- _ACTIVITY_
Of the lines in the material below, print only those from the one containing "Almacor Costilla de Novillo oferta" to the one containing "Mammut Multifunctional, hooded", ends included, exactly as written and without pictures.

- _INPUT FOR THIS TASK_
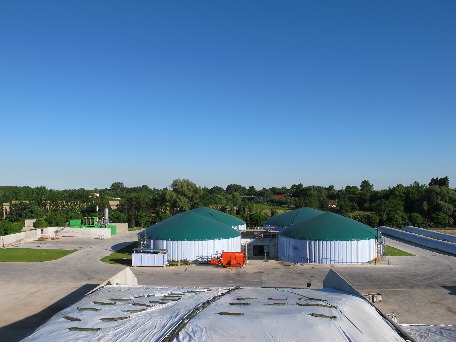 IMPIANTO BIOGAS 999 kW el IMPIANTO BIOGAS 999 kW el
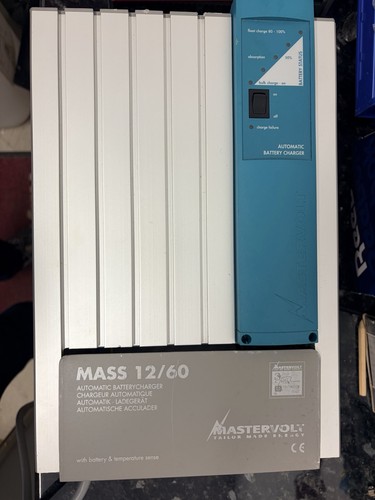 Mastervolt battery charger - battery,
--
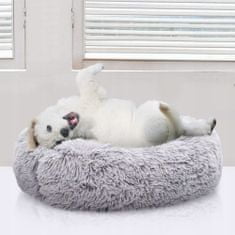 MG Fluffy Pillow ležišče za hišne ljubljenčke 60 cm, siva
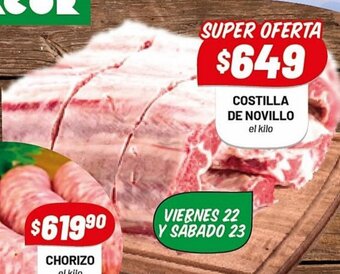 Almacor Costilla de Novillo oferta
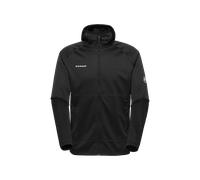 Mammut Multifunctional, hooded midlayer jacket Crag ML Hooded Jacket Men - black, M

- _TASK RESULT_
 Almacor Costilla de Novillo oferta
 Mammut Multifunctional, hooded midlayer jacket Crag ML Hooded Jacket Men - black, M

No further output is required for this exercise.